У меня зашумело в ушах. Лицо вспыхнуло. Ноги стали ватными. Сердце мое
колотилось, как у убийцы. Сам того не поняв, я потерял сознание, и нашли
меня только через четыре часа. Придя в себя, я инстинктивно остерегся
раскрывать причину своего обморока и, рискуя выставить себя на посмешите,
рассказал, что испугался зайца, внезапно выскочившего из зарослей.
В другой раз это случилось год спустя. Мой отец разрешил цыганам
разбить свой табор в той самой части парка, где я когда-то потерял сознание.
Я гулял с няней. Вдруг она, вскрикнув, потащила меня прочь, запрещая
оглядываться. Был ослепительный зной. Двое цыганят разделись донага и
карабкались на деревья. Картине, шокировавшей мою няньку, непослушание стало
оправой и сохранило ее во всей незабываемости. Проживи я хоть сто лет,
благодаря этому крику и бегству я всегда могу увидеть, как наяву, повозку,
женщину с младенцем на руках, пасущуюся белую лошадь и в ветвях деревьев --
два бронзовых тела, в трех местах запятнанные черным.
Последний случай был связан с молодым лакеем по имени, если не
ошибаюсь, Гюстав. Прислуживая за столом, он едва удерживался от смеха. Эта
смешливость пленяла меня. Бесконечное же прокручивание в голове воспоминаний
о мальчике с фермы и цыганятах привело к тому, что я остро возжелал
потрогать руками то, что довелось увидеть моим глазам.
План у меня был самый наивный. Нарисую женщину, покажу картинку
Поставу, он засмеется, а я попрошу позволения потрогать тайну, которая
рисовалась моему воображению во время застолья под многозначительной
выпуклостью брюк. Что же до женщин в неглиже, то кроме няни видеть мне
таковых не доводилось, и я считал, что упругие груди как-то делают себе
актрисы, а вообще у всех они обвислые. Мой рисунок был весьма реалистичен.
Постав расхохотался, спросил меня, кто моя модель, а когда я, пользуясь тем,
что он так и кис от смеха, с неподобающей дерзостью двинулся прямо к цели,
оттолкнул меня, весь красный, ущипнул за ухо -- якобы за то, что я его
пощекотал - и, до смерти боясь лишиться места, выпроводил за дверь.

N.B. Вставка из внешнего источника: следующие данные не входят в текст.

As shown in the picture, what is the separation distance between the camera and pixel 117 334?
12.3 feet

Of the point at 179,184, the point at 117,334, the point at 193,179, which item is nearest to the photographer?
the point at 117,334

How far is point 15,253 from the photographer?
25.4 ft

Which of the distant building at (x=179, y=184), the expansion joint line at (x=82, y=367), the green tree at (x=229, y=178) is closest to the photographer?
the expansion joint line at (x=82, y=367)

Через несколько дней он попался на краже вина. Отец уволил его. Я
заступался, плакал; все было без толку. Я проводил Гюстава до станции,
подарив ему на прощанье кегли для его маленького сына, фотографию которого
он мне показывал.
Моя мать умерла, произведя меня на свет, и я жил всегда наедине с
отцом, человеком грустным и очаровательным. Его грусть зародилась задолго до
смерти жены. Даже в счастье он был грустным, и потому-то я искал более
глубокие корни этой грусти, чем вдовство.

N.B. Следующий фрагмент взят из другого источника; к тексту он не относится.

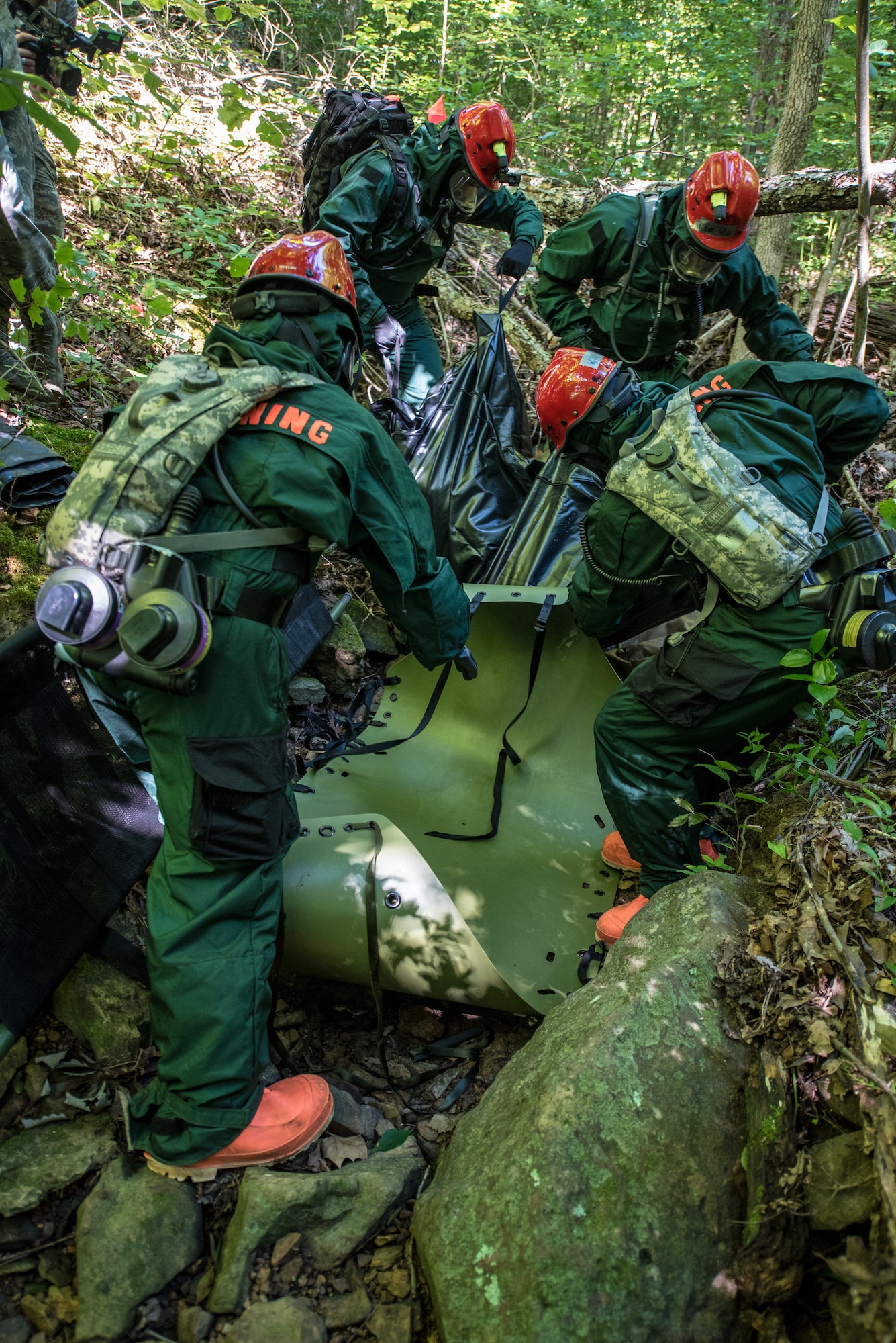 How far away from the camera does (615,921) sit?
244 cm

Содомит чует содомита, как еврей -- еврея. Он узнает себе подобного под
любой маской, и я берусь найти его между строк наиневиннейшей книги. Эта
страсть не так проста, как полагают моралисты. Ибо подобно тому, как
существуют содомиты женского пола -- женщины, выглядящие как лесбиянки, но
интересующиеся мужчинами на специфически мужской манер, -- так есть и
содомиты, самим себе неведомые, которые так всю жизнь и чувствуют себя не в
своей тарелке, приписывая это ощущение слабому здоровью или необщительному
характеру.
Я всегда думал, что мы с отцом слишком похожи, чтоб различаться в этой
важной области. Он, вне всякого сомнения, не подозревал о своей склонности
и, вместо того чтобы следовать ей, через силу взбирался по противоположному
склону, сам не зная, почему ему так тяжело жить. Обнаружь он в себе вкусы,
которых не имел случая развить и которые приоткрывались мне в каких-то его
словах, поведении, множестве характерных мелочей, его бы это сразило. В его
время и не из-за такого кончали с собой. Но нет; он жил в неведении
собственной сущности и безропотно нес свое бремя.

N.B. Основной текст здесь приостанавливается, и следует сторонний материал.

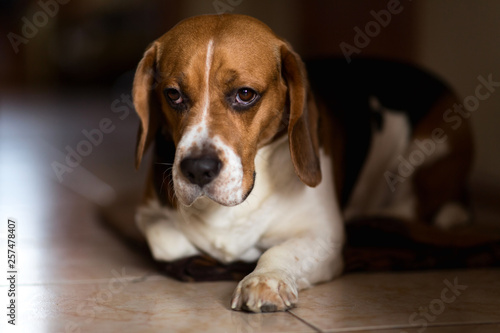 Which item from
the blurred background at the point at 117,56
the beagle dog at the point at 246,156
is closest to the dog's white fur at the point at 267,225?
the beagle dog at the point at 246,156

Быть может, столь полной слепоте я и обязан своим существованием. Я
оплакиваю ее, ибо всем было бы лучше, если б отец мой познал радости,
которые предотвратили бы мои несчастья.
С восьмого класса я стал учиться в лицее Кондорсе, Чувства пробуждались
там бесконтрольно и разрастались, как сорная трава. Куда ни глянь, дыры в
карманах и запачканные носовые платки. Особенно смелели школьники в кабинете
рисования, укрываясь за стеной картонов. Иногда на обычном уроке
какой-нибудь зловредный преподаватель задавал неожиданный вопрос ученику,
находящемуся на грани спазма. Тот вставал с пылающими щеками и, бормоча
невесть что, пытался превратить словарь в фиговый листок. Наши смешки
усугубляли его смущение.
В классе пахло газом, мелом, спермой. От этой смеси меня тошнило. Надо
сказать, притом, что забавы, в глазах моих однокашников порочные, для меня
такими не были, точнее, были пародией на ту форму любви, которую признавал
мой инстинкт -- при всем при том я был единственным, кто, казалось, не
одобрял происходящего. Следствием чего стали бесконечные насмешки и
посягательства на то, что мои товарищи принимали за стыдливость.
Но лицей Кондорсе не был интернатом. До любовных интрижек дело не
доходило; все ограничивалось запретными шалостями.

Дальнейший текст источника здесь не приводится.